Social events in my all-white church were closer to home and thus easier to participate in, an important part of the white world I lived in outside of my school day. I was still in Sunday school, youth choir, and youth group. At church, I became friends with Joan and Cathy and another Lynn, but they went to a predominantly white county school. My church friends were more interested in doing well in school, and their tastes in clothes, music, and movies were closer to mine than were those of my school friends. We also had a common bond of belief that connected us in a more spiritual and emotional way than my connection with my school friends.
* * *
Boys became a focus of attention during our sophomore year.
I had an awkward few dates between ninth and 10th grades with the brother of a friend at school. Rather than saying I wasn’t interested in getting romantic, I was not so nice to him, hoping he wouldn’t ask me out again. And he didn’t. It was unusual for me not to acquiesce, but being difficult on purpose was easier than being honest about not liking him. That’s the socially awkward person I was at 15.

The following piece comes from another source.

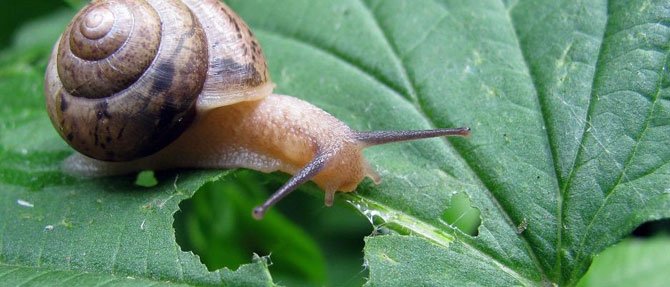 Natural Pest Control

The field of date-able boys for me at Hillside—that is to say, white boys—was relatively small. The few boys I dated in high school had gone to Holton, and for the most part I did not consider them to be on the same academic wavelength as I was. Spending time with them felt awkward because I had little in common with them intellectually, which translated into not having much to keep us going conversationally. The boys I did feel intellectually equal to, most of whom had gone to my junior high school, did not date much. Of course, in adolescence, there are more than intellectual interests at work.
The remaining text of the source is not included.